"Mrs. Margaret Bertram's idea that the child was alive was founded upon the report of a gipsy," said Pleydell, catching at the half-spoken hint--"I envy you the concatenation, Colonel--it is a shame to me not to have drawn the same conclusion. We'll follow this business tip instantly--Here, hark ye, waiter, go down to Luckie Wood's in the Cowgate; ye'll find my clerk Driver; he'll be set down to High-jinks by this time (for we and our retainers, Colonel, are exceedingly regular in our irregularities); tell him to come here instantly, and I will pay his forfeits."
"He won't appear in character, will he?" said Mannering.
"Ah! no more of that, Hal, an thou lovest me," said Pleydell. "But we must have some news from the land of Egypt, if possible. Oh, if I had but hold of the slightest thread of this complicated skein, you should see how I would unravel it!--I would work the truth out of your Bohemian, as the French call them, better than a Monitoire, or a Plainte de Tournelle; I know how to manage a refractory witness."
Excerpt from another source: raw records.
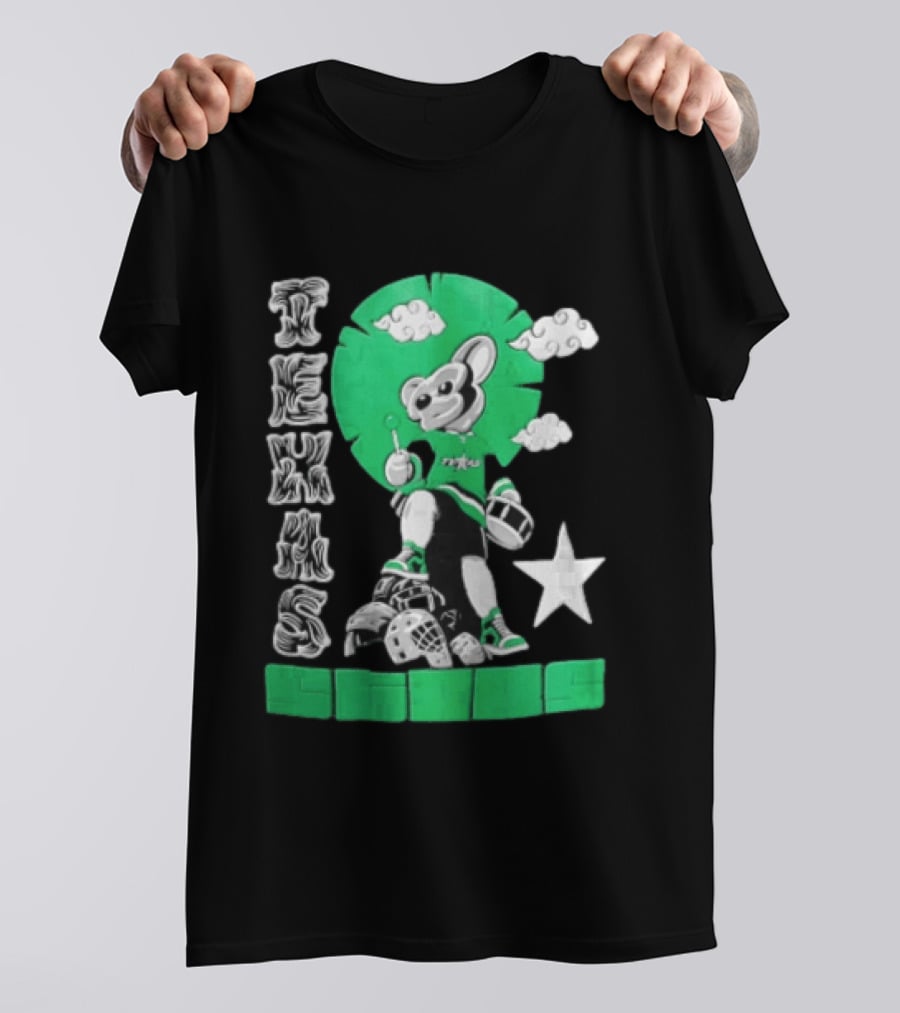 Texas Stars Lollipop Drum Helmets Figures T-Shirt
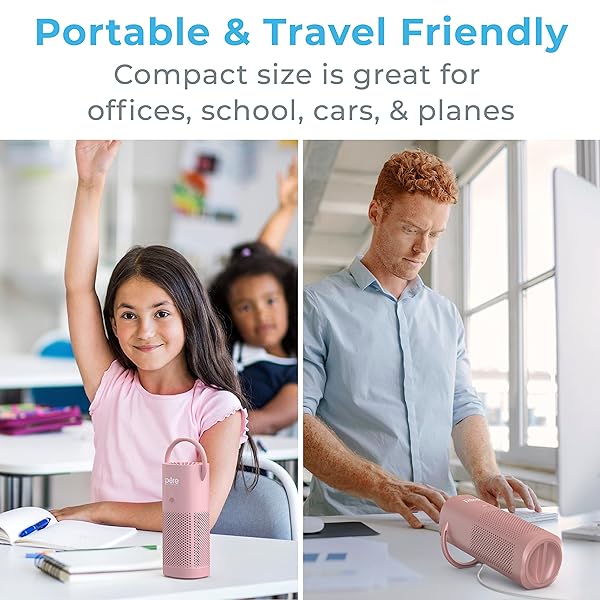 Pure Enrichment PureZone Mini Portable Air Purifier - Cordless True HEPA Filter Cleans Air & Eliminates 99.97% of Dust, Odors, & Allergens Close to You - Cars, School, & Office (Blush) - Image 7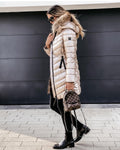 Dames donsjas getailleerd warm bontkraag en elegant – Avynne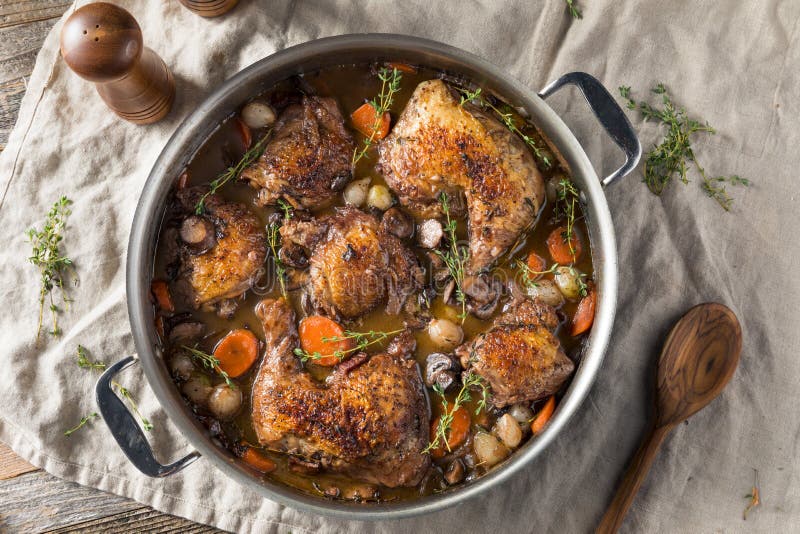 Homemade French Coq Au Vin Chicken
While Mr. Pleydell was thus vaunting his knowledge of his profession, the waiter re-entered with Mr. Driver, his mouth still greasy with mutton pies, and the froth of the last draught of twopenny yet unsubsided on his upper lip, with such speed had he obeyed the commands of his principal.--"Driver, you must go instantly and find out the woman who was old Mrs. Margaret Bertram's maid. Inquire for her everywhere, but if you find it necessary to have recourse to Protocol, Quid the tobacconist, or any other of these folks, you will take care not to appear yourself, but send some woman of your acquaintance--I dare say you know enough that may be so condescending as to oblige you. When you have found her out, engage her to come to my chambers to-morrow at eight o'clock precisely."
"What shall I say to make her forthcoming?" asked the aide-de-camp.
"Anything you choose," replied the lawyer. "Is it my business to make lies for you, do you think? But let her be in praesentia by eight o'clock, as I have said before." The clerk grinned, made his reverence, and exit.
"That's a useful fellow," said the counsellor "I don't believe his match ever carried a process. He'll write to my dictating three nights in the week without sleep, or, what's the same thing, he writes as well and correctly when he's asleep as when he's awake. Then he's such a steady fellow--some of them are always changing their alehouses, so that they have twenty cadies sweating after them, like the bare-headed captains traversing the taverns of East-Cheap in search of Sir John Falstaff. But this is a complete fixture-he has his winter seat by the fire, and his summer seat by the window, in Luckie Wood's, betwixt which seats are his only migrations; there he's to be found at all times when he is off duty. It is my opinion he never puts off his clothes or goes to sleep--sheer ale supports him under everything. It is meat, drink, and clothing, bed, board, and washing."
"And is he always fit for duty upon a sudden turn-out? I should distrust it, considering his quarters."